L’avvenire affascina e spaventa. L’incapacità di controllarlo, ma anche lo spazio di azione esercitabile da ciascuno, crea aspettative e timori. Qual è la prospettiva di Dio?
Norel Iacob – Quando guardo i pulcini uscire dalle uova nel nido e iniziare a comportarsi istintivamente secondo la loro specie, penso a quello che potremmo comprendere a proposito di noi stessi, della specie umana, se avessimo la prospettiva di un osservatore tanto privilegiato.
Oltre ai comportamenti tipici dell’istinto di sopravvivenza, credo che a un certo punto saremmo affascinati dal modo in cui gli esseri umani sono ammaliati dalla prospettiva del futuro. Dal momento in cui l’idea dell’avvenire entra nella nostra vita, forse attraverso l’attesa del compimento della prima promessa dei nostri genitori, il futuro prende sempre più il sopravvento sulla nostra visione. Infatti, più ci allontaniamo da un’esistenza guidata dall’istinto di sopravvivenza, più ci istruiamo, più siamo incantati e, a un certo punto, diventiamo più dipendenti dal futuro.
Nonostante le ripetute rivoluzioni edonistiche, il fascino dell’avvenire ha un magnetismo che supera i piaceri del presente. Lavoriamo per il futuro, pianifichiamo per esso, risparmiamo per esperienze che verranno, ci consoliamo anticipandolo. Dall’altro lato della bilancia, quando rinunciamo al futuro, rinunciamo a noi stessi…

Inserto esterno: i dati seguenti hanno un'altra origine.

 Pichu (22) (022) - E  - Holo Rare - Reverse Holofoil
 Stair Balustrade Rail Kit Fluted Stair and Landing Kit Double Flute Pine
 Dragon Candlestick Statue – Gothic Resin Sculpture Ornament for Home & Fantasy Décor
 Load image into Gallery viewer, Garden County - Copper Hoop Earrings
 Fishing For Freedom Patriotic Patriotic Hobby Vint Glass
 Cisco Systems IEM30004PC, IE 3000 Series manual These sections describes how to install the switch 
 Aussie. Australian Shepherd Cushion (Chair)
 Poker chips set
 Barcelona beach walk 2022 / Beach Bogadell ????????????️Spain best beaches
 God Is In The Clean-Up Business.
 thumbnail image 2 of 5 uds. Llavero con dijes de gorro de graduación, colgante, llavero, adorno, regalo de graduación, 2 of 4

In altre parole, mentre di solito ci viene consigliato di essere cauti riguardo all’impatto del presente sul nostro futuro, dovremmo essere almeno altrettanto preoccupati dell’effetto del futuro sul nostro presente. Tutti noi ci rendiamo conto, in misura maggiore o minore, che il futuro che cerchiamo di plasmare nel presente, modella a sua volta il nostro presente. Questo paradosso mantiene il futuro in uno stato di costante trasformazione ontologica nelle nostre menti. Dal momento che non possiamo assolutamente né influenzarlo né prevederlo con precisione, probabilmente non saremo mai in grado di stabilire in questa vita la formula della nostra rappresentazione mentale del futuro. L’avvenire rimarrà il campo di gioco in cui determinismo e libero arbitrio continueranno ad aggrovigliare la nostra comprensione. Un gomitolo che dipana impossibilità e probabilità in un numero infinito di modi.

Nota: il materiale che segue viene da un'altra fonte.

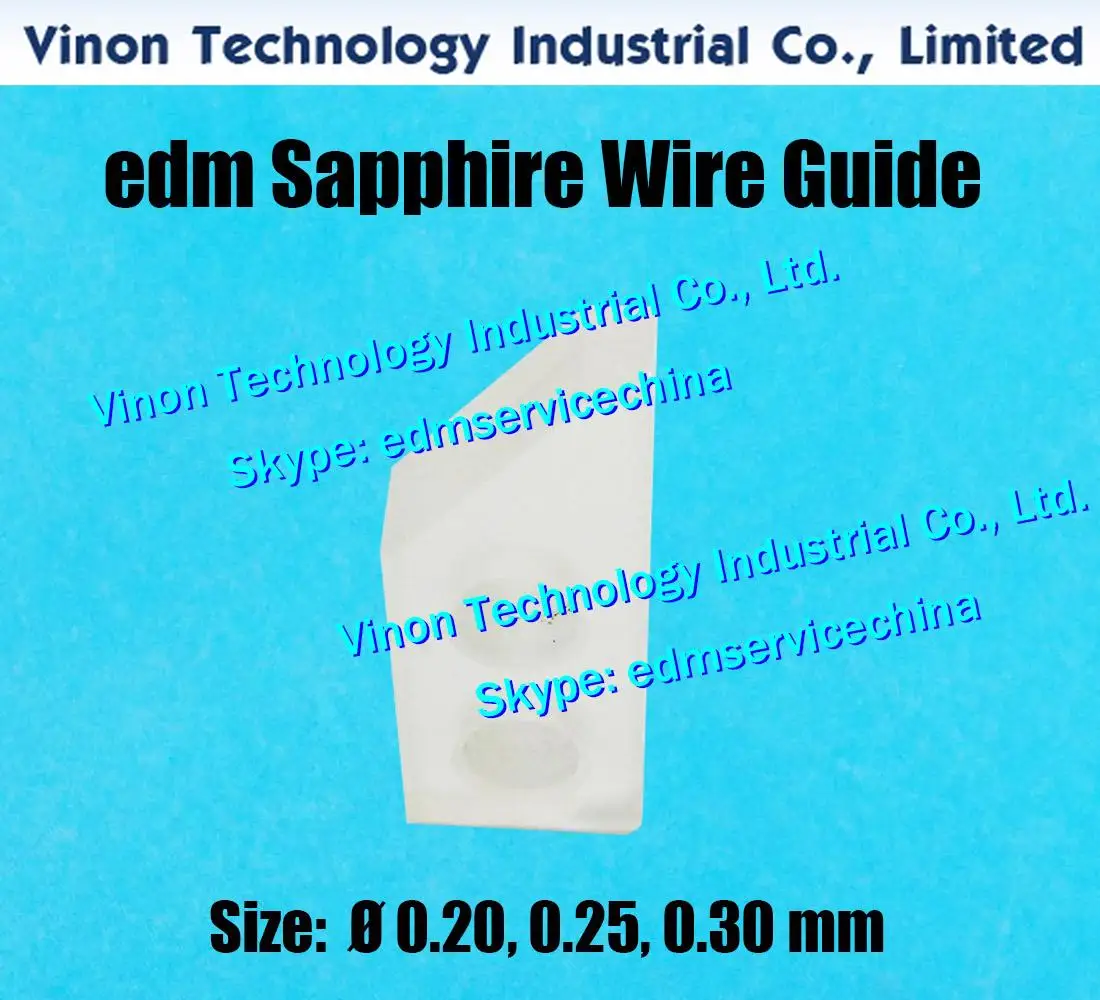 

Ø0.30mm Sapphire Wire Guide A103 4EC80A422-1 for Makino EE3,EE6,EE8,EQF5,U32,U53 wire cut edm machines. M akino 4EC.80A.422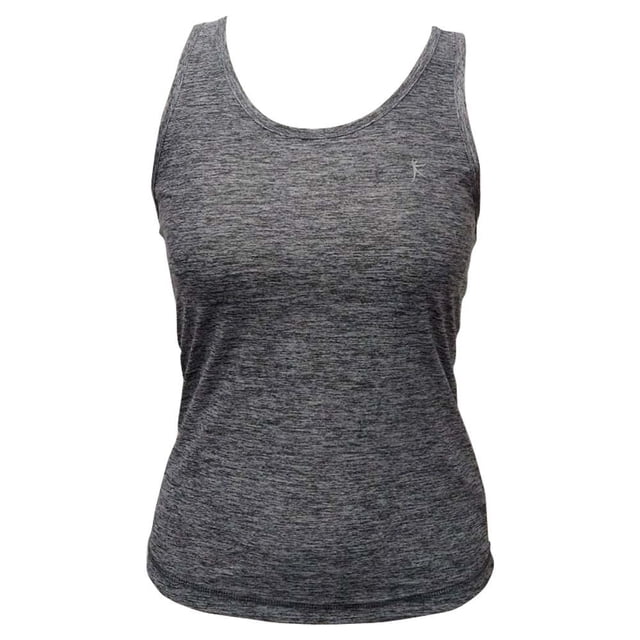 Playera Danskin para Mujer, Deportiva Gris Jaspe Talla M
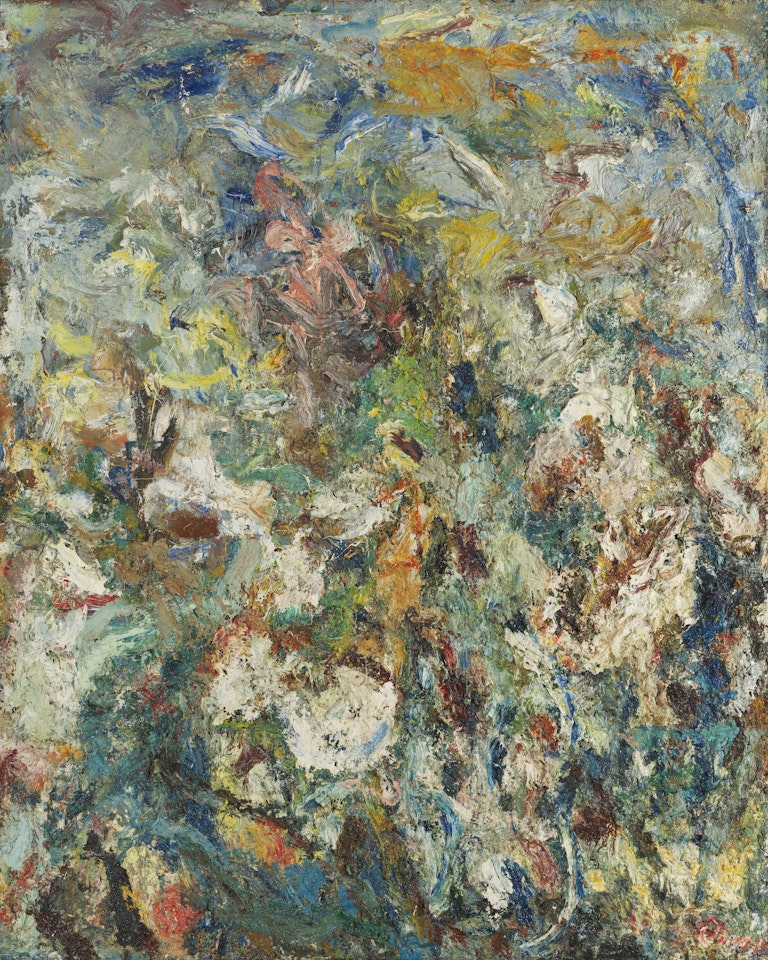 Sans titre (Peinture decorativ) by Eugène Leroy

A volte, il futuro ci appare solido e immutabile come una roccia, in altre come un terreno sabbioso che prende forma alla luce delle scelte che compiamo in ogni istante. Se guardiamo al futuro come all’effetto di cause già presenti, possiamo vedere l’ordine ma anche il fatalismo della vita. Se vediamo l’avvenire come il risultato delle nostre libere scelte, diventa un orizzonte, una frontiera affascinante oltre la quale tutto è possibile: i sogni più incredibili e gli incubi più terribili. All’incrocio di queste prospettive, l’incertezza del futuro non è eliminata nemmeno dalle previsioni dei testi sacri della Bibbia. La profezia biblica non è una soluzione alla nostra volontà di addomesticare il futuro, ma un mezzo creativo di comunicazione tra Dio e l’umanità, il cui scopo è salvifico e educativo.

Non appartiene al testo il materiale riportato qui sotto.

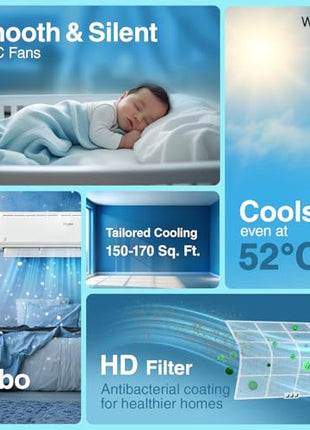 Whirlpool 1.5 Ton 5 Star, Magicool Inverter Split AC (MAGICOOL 15T 5S INV CNV S5K2PP0, Copper, Convertible 4-in-1 Cooling Mode, HD Filter White) 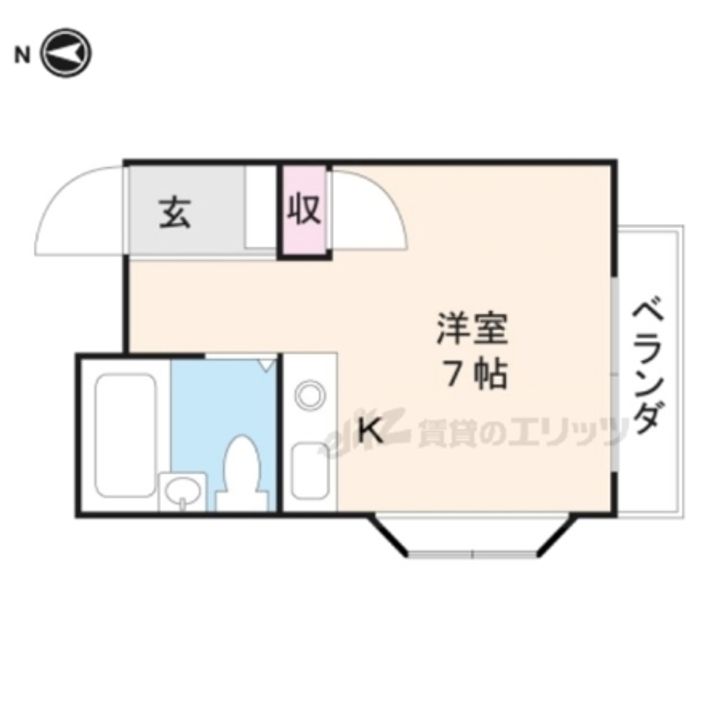 プールブゥの間取り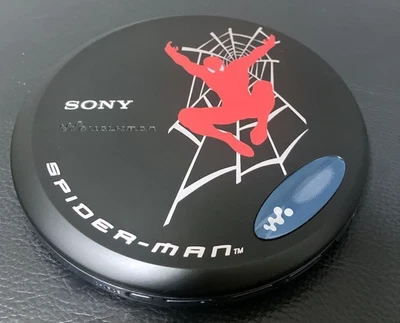 【MÜLL】Sony Spiderman D-EJ775 Tragbarer CD Player Walkman mit BOX Selten Aus... - Bild 1 von 4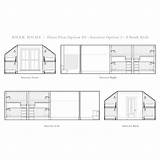 Bunk Plan Elevations Floor House sketch template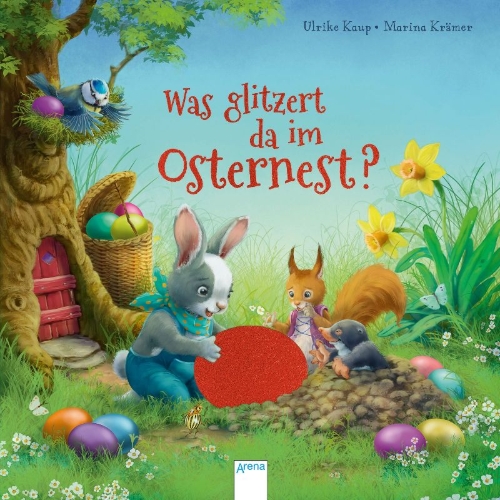 Buchcover und Innenansicht für das Buch: Was glitzert da im Osternest?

Ed ecco il nostro compito per la vita: imparare sul futuro, facendo pace con il pensiero che non sapremo mai quanto ci siamo avvicinati alla migliore comprensione possibile. Il tempo che verrà continuerà a rappresentare la presenza più reale e allo stesso tempo irreale nel nostro vissuto, l’impulso più visibile e invisibile ad agire in modi che a volte sono inimmaginabili per gli altri, o anche per noi stessi.
In tutto questo mistero, ce n’è un altro che allevia la nostra angoscia. Non sappiamo come (anche se abbiamo varie teorie al riguardo), ma crediamo che Dio abbia domato il futuro. Non conosciamo come, ma per Dio l’avvenire non è un mistero o una nebbia in cui vivere per l’eternità. E la sua cura per noi ci fa credere che non siamo soli di fronte all’ignoto, che non possiamo esplorare oltre un certo limite. Quando abbiamo raggiunto l’estremo punto delle nostre forze, c’è ancora una possibilità: chiudere gli occhi e tendere le mani. Qualcuno è pronto a portarci oltre. Qualcuno che guarda ciò che noi non vediamo.